Methods: Liraglutide was labelled with 125I by the Iodogen method. The labelled 125I-liraglutide compound and insulinoma cells from the INS-1 cell line were then used for in vitro saturation and competitive binding experiments. In addition, in a nude mouse model, the use of 125I-liraglutide for the in vivo small-animal SPECT/CT imaging of insulinomas and the resulting distribution of radioactivity across various organs were examined.

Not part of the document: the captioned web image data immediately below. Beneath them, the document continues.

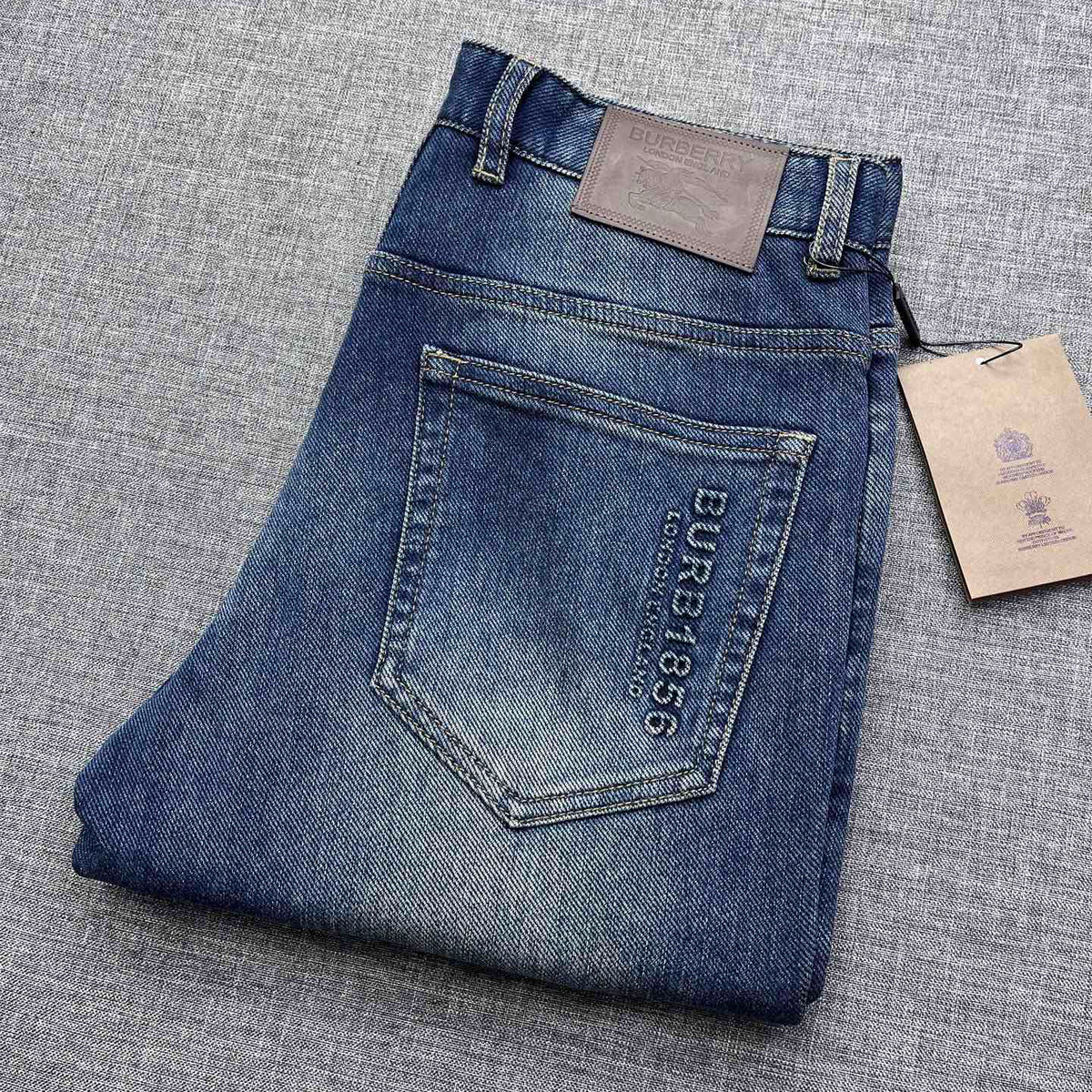 Vintage Fade Blue Embossed Text Jeans M260721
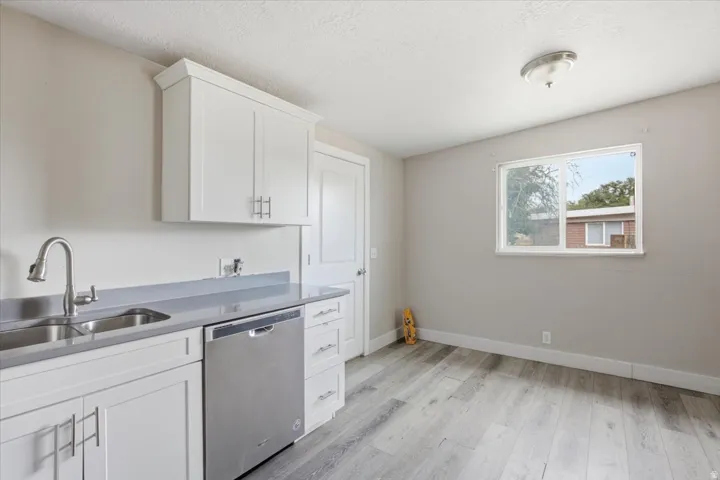White shaker cabinetry, stainless steel dishwasher, dual basin sink with gooseneck faucet, light gray countertops, and wood-finish flooring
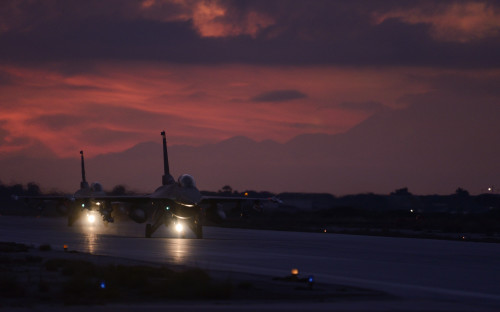 U.S. Air Force pilots from the 480th Expeditionary Fighter Squadron taxi F-16 Fighting Falcon fighter aircraft during a flying training deployment on the flightline at Souda Bay, Greece, Jan. 28, 2016. This training represents the fourth of its kind between the U.S. and Greek air forces since January 2014.  (U.S. Air Force photo by Staff Sgt. Christopher Ruano/Released)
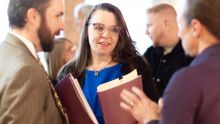 A woman wearing glasses interacts with a couple of people in a lobby following her plenary address.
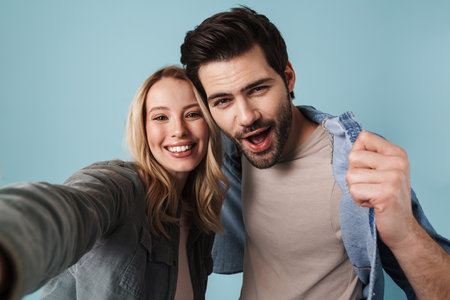 Young excited couple hugging while taking selfie photo isolated over blue backgroundの写真素材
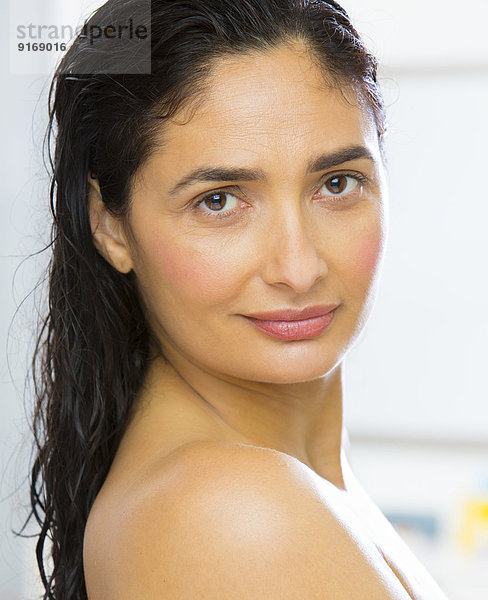 Mixed race woman with wet hair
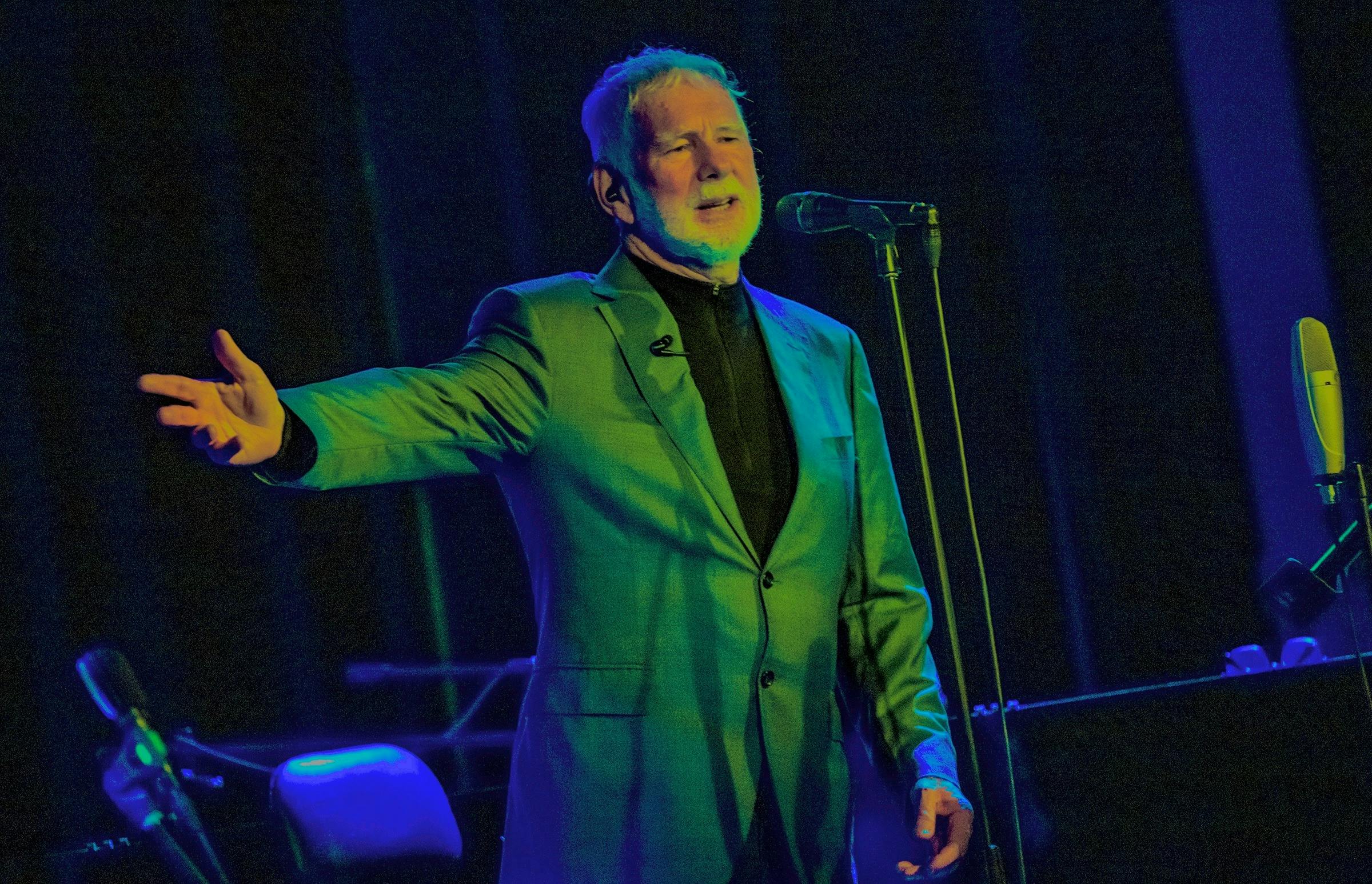 Vince Jones in Green jacket with arm extended singing into microphone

Results: The labelling of liraglutide with 125I was successful, yielding a labelling rate of approximately 95% and a radiochemical purity of greater than 95%. For the binding between 125I-liraglutide and the GLP-1 receptor on the surface of INS-1 cells, the equilibrium dissociation constant (Kd) was 128.8 ± 30.4 nmol/L(N = 3), and the half-inhibition concentration (IC50) was 542.4 ± 187.5 nmol/L(N = 3). Small-animal SPECT/CT imaging with 125I-liraglutide indicated that the tumour imaging was clearest at 90 min after the 125I-liraglutide treatment. An examination of the in vivo distribution of radioactivity revealed that at 90 min after the 125I-liraglutide treatment, the target/non-target (T/NT) ratio for tumour and muscle tissue was 4.83 ± 1.30(N = 3). Our study suggested that 125I-liraglutide was predominantly metabolised and cleared by the liver and kidneys.

Conclusion: The radionuclide 125I-liraglutide can be utilised for the specific imaging of insulinomas, representing a new non-invasive approach for the in vivo diagnosis of insulinomas.

Figure 1. Saturation curve.

The equilibrium dissociation constant K_d for the binding between ¹²⁵I-liraglutide and the GLP-1 receptors of INS-1 cells was 128.8±30.4 nmol/L, and the maximum binding constant B_max was (1.50±0.23)×10⁵. Error bars represent 1 SD of the mean(N = 3).

Figure 2. Competitive binding curve.

IC₅₀, the half-inhibition concentration of liraglutide, was 542.4±187.5 nmol/L. Error bars represent 1 SD of the mean(N = 3).

Figure 3. Small-animal SPECT/CT imaging in the insulinoma model.

Small-animal SPECT/CT imaging after the injection of ¹²⁵I-liraglutide into the tail veins of nude mice indicated that the tumour could be clearly imaged at 30 min after this injection (A), with the clearest images of the tumour obtained at 90 min after the injection (B). The tumour had begun to fade by 180 min after the injection (C) and had significantly faded by 360 min after the injection (D). In addition, the thyroid, liver, heart, lung, kidney, bladder, and other organs were visible to various degrees in the imaging results. The CT coronal tomographic images correspond to the SPECT/CT images, and the arrow indicates the tumour location.

Figure 4. Histograms of the %ID/g for various organs of nude mice at 90 min and 360 min after an injection of ¹²⁵I-liraglutide.

At 90%ID/g ± SD(N = 3).

Figure 5. Imaging of the nude mouse model of insulinoma 90 min after blocking with liraglutide.

Small-animal SPECT/CT imaging indicated that tumour images significantly faded after blocking with liraglutide (B), while A presents an image obtained prior to blocking. The images of the lungs also faded after blocking. The coronal CT images correspond to the SPECT/CT images, and the arrow indicates the tumour location.

Figure 6. A histogram of %ID/g for various organs in a model mouse 90 min after blocking with liraglutide.

The radioactivity of the tumour(p<0.05) was significantly reduced after blocking, and blocking caused the radioactivity to decrease to varying degrees in the lungs(p<0.05), stomach, pancreas(p<0.05), and other organs. Student t test for significance, p<0.05(statiscally significant p values are marked in brackets). Data are expressed as average %ID/g ± SD(N = 3).